È una versione dei fatti appare incontestabilmente strumentale ad una strategia difensiva, come è emerso con la nota del NOE che evidenziava i contatti con l’azienda per ottenere le sostanze in questione allo stato puro, per definire lo standard dei parametri di analisi per gli strumenti dell’ente regionale. Dalla stampa che ha rilevato questi aspetti, è emerso però che la Regione Veneto quegli standard li avesse acquistati. È dunque di difficile comprensione perché vi siano stati scambi per chiedere le sostanze pure all’azienda. Le dichiarazioni del dirigente sulle ragioni dei suoi contatti con i dirigenti di Miteni sotto indagine, per ottenere da loro quegli standard, sono quando meno discutibili. Alla luce delle recenti notizie sono tali da mettere in dubbio le ragioni della derubricazione dei reati ascritti a quella pattuglia di indagati di ARPAV. In sostanza sembra del tutto giustificato avere il dubbio che il profilo psicologico del reato sussistesse, quanto meno dal punto di vista di una condotta negligente. Crediamo anche che tali archiviazioni di cui hanno beneficiato debbano essere valutate da un’altro giudice, magari di Trento.

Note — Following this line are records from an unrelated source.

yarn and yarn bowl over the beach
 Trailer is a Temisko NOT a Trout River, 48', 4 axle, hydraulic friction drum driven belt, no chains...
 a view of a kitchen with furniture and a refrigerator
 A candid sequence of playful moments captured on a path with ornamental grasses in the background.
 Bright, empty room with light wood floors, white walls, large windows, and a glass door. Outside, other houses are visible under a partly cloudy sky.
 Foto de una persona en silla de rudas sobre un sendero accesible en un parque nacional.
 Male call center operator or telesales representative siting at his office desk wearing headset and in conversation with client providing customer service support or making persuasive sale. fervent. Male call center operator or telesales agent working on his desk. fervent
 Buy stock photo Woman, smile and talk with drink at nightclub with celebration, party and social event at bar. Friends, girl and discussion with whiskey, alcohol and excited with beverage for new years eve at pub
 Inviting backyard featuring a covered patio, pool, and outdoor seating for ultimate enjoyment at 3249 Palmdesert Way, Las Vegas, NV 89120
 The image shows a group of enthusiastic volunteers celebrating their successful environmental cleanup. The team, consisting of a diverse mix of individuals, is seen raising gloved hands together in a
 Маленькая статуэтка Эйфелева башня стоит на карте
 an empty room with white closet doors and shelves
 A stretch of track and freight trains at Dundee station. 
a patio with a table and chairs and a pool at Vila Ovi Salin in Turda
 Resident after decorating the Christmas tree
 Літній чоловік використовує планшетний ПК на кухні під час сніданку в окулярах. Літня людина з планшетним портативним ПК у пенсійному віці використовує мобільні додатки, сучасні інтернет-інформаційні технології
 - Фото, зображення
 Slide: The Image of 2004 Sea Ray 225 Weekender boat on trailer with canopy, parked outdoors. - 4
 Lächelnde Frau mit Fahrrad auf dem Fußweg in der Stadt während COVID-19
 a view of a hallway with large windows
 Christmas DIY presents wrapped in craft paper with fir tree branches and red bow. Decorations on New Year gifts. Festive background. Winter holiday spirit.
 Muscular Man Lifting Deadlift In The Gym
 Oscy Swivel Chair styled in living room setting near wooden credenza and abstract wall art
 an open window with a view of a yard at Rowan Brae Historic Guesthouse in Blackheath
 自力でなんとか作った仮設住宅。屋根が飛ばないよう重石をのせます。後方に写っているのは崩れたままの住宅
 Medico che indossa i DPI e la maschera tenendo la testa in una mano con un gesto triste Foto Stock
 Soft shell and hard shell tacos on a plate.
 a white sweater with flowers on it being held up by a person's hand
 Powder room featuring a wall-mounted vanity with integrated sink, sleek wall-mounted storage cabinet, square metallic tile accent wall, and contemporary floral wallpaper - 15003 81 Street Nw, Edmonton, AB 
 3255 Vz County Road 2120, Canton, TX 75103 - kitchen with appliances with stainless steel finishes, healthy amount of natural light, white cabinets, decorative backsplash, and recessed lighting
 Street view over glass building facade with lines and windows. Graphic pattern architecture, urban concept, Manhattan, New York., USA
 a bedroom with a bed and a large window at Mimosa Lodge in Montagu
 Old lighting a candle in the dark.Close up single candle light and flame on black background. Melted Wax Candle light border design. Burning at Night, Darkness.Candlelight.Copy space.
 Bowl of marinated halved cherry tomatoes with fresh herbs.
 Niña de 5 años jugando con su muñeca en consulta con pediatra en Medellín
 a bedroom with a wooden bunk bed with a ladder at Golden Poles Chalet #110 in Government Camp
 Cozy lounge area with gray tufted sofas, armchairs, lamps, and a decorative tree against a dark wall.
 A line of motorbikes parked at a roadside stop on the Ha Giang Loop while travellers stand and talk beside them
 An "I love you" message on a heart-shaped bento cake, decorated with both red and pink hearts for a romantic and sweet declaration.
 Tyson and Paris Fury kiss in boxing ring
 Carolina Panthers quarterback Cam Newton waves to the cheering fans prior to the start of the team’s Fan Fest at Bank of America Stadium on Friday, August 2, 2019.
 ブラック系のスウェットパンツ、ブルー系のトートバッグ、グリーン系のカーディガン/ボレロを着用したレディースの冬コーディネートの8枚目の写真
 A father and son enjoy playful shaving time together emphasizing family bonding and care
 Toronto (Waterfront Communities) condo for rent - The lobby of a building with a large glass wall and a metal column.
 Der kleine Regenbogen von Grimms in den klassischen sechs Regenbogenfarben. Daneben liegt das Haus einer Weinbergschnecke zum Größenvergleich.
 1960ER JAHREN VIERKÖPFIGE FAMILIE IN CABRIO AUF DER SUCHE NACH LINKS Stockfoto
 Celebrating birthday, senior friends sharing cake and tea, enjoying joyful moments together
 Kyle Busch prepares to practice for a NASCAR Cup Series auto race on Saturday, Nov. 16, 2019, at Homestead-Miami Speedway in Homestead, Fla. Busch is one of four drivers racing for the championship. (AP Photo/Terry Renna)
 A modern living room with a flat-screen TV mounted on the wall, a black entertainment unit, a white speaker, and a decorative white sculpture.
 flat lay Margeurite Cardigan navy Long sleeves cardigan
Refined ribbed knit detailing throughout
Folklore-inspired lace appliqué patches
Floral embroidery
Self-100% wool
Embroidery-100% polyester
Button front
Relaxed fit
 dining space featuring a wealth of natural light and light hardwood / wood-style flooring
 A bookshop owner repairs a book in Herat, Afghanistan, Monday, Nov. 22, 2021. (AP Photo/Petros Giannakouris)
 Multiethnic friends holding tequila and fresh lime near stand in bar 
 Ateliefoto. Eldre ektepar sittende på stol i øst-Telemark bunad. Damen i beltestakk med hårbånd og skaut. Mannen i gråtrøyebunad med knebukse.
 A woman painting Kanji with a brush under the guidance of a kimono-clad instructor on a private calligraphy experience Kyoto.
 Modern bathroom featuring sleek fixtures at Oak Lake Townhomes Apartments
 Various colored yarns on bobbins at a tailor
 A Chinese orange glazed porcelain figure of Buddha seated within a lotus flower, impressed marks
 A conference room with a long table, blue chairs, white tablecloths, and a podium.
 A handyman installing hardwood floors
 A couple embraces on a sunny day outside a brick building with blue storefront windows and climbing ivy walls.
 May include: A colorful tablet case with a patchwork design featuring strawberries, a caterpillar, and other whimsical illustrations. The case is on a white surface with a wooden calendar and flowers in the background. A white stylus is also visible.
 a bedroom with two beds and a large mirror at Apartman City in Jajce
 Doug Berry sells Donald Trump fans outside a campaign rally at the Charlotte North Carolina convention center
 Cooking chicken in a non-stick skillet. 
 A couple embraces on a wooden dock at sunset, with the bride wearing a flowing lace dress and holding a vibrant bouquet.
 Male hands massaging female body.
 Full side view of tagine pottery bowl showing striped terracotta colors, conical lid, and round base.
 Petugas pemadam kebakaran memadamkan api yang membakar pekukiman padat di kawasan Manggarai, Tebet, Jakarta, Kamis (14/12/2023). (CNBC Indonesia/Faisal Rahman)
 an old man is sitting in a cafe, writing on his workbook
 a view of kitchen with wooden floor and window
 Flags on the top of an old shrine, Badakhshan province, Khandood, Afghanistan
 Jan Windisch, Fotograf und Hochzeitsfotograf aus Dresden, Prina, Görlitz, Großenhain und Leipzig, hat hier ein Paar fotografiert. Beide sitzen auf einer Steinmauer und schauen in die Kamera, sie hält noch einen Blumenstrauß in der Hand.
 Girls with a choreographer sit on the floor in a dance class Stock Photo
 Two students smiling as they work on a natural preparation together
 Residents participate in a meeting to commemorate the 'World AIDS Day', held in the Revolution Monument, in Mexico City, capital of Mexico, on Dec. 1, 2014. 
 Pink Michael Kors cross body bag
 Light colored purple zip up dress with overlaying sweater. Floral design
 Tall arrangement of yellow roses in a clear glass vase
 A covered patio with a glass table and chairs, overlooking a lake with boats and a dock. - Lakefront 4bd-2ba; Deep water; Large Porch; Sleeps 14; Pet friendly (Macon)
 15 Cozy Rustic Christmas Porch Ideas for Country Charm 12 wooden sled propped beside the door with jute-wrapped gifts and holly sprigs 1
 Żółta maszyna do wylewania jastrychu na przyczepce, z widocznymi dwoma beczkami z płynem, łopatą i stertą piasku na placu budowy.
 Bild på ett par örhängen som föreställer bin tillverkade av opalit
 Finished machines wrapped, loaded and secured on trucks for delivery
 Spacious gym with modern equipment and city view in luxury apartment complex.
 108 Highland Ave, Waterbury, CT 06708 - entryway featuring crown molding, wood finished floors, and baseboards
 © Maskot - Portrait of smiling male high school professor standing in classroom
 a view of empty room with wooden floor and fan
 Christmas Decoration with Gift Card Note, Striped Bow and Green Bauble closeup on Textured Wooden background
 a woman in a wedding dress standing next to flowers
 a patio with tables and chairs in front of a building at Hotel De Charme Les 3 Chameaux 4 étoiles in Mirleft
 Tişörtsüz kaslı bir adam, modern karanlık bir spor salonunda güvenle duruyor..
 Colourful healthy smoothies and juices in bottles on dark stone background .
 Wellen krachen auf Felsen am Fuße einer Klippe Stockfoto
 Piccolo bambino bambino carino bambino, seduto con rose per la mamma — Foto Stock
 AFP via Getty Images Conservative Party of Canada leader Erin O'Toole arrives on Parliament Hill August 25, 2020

Per loro ammissione in tribunale, si confrontano con aziende reticenti e che sovente si nascondono dietro a segreti industriali, che usano per impedire di conoscere cosa finisce nell’ambiente e cosa potrebbe compromettere la salute degli uomini, e la vita dell’ambiente che abitano. È per questo, comprendendo la difficoltà che spesso porta questi ispettori ad avere cali di vista o contatti quantomeno inappropriati, che vogliamo avanzare alcune proposte. Al di là delle schermaglie del dibattimento sull'esito del quale si pronuncerà la corte, ci sono nel frattempo altri interrogativi che ci assillano. Uno dei temi più scottanti riguarda le armi che le amministrazioni centrali e locali possono mettere in campo per rendere più stringenti i controlli nei confronti delle industrie chimiche. Se è vero che i controlli sono spesso difficoltosi perché i privati non rendono disponibili le sostanze matrice grazie alle quali rintracciare nell'ambiente eventuali contaminazioni dovute a dispersione conseguente ai cicli di lavorazione, la disciplina urbanistica che peraltro conosco da tempo come architetto. e come ex consigliere comunale, può venirci incontro. In attesa che siano gli organismi statali o regionali a regolare la materia della produzione chimica, non solo di Pfas verrebbe da dire, sarebbe importante che i comuni vincolino i permessi a costruire solo per guegli edifici che ospitano imprese che mettono a disposizione degli enti pubblici informazioni precise sulle lavorazioni a partire dagli standard delle molecole prodotte o lavorate. Non si tratta certo di una soluzione definitiva, ma di un accorgimento utile a tamponare la sempre più preponderante deregulations concessa dagli enti pubblici alle fabbriche che inquinano e che fanno ricadere sulla collettività i costi dei loro cicli produttivi.